I a new in HAProxy, and that is something that i’m trying to learn . I already setup a load balencer on some web internal websites and everything runs fine. Now we are trying to set a load balancer to a site with NTLM autentication, and we only get 401 error…
log /dev/log local0 debug
log /dev/log local1 debug
stats socket /run/haproxy/admin.sock mode 660 level admin
stats timeout 30s
in this setup there is no HTTPS, only connections on port 80 (frontend/backend). so i think no SSL issue.
401 is indeed a non-authorizied header and part of the NTLM handshakes (server sends 401 with ntlm as offered auth method, client answers ok we can talk ntlm and then the server issues another 401 with ntlm credentials and clients answers with a hashed user/password thing - just in short).
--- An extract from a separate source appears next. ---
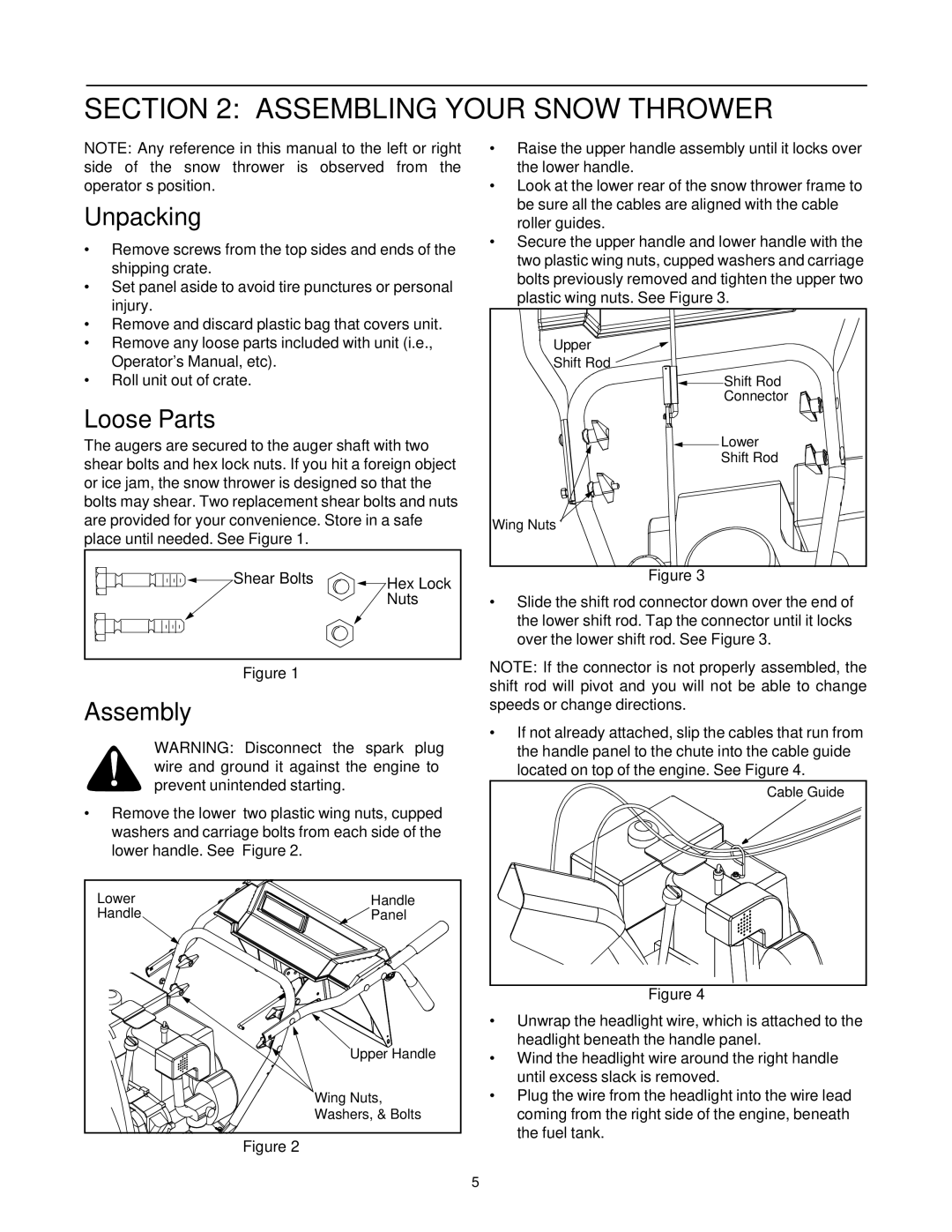 Cub Cadet 1130 SWE manual Assembling Your Snow Thrower, Unpacking, Loose Parts, Assembly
there is a bug report in haproxy with ntlm. not sure if this was fixed and (still) is in the source code.
have you tried to use just TCP mode?
one more thing: what is the url to connect to haproxy and what is the url to directly connect?
i ask, because there is a configuration option in IE how and when NTLM/Challenge Response is used. in short for example when there is a non-fqdn like “http://myserver/path/to/page”. you can configure this per client or per GPO and provide a list of domain-names. i am not sure, if the “host”-name of srv01 is part of the ntlm challenge so that i would or could be a problem, if client don’t talk to “srv01” but to “srv”.